(Source data)
= Beginning of Section =

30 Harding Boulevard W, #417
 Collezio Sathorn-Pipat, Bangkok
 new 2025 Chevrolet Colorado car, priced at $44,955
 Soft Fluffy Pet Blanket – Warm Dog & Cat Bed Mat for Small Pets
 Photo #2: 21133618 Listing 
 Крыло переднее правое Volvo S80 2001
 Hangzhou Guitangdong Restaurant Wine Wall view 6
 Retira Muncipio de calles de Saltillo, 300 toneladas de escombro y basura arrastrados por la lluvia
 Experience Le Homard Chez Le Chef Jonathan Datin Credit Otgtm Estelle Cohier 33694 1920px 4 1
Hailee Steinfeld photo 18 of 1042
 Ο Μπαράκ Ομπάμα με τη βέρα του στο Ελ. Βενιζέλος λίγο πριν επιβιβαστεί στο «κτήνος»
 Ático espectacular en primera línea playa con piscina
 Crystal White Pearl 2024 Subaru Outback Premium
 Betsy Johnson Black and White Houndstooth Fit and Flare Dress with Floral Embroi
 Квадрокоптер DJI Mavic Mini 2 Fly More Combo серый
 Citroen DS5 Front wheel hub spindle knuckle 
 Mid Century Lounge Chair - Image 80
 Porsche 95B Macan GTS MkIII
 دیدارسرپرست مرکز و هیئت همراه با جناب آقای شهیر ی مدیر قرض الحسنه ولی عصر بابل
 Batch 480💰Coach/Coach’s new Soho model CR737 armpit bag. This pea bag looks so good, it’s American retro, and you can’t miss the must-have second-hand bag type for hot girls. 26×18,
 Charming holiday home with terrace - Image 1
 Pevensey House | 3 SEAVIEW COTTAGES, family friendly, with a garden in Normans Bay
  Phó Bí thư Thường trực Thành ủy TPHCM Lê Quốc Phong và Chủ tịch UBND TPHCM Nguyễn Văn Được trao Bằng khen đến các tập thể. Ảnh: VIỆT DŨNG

= End of Section =

Your objective:
Across the records above, how many lines does the word "White" appear on? Reply with the number only.

Response:
2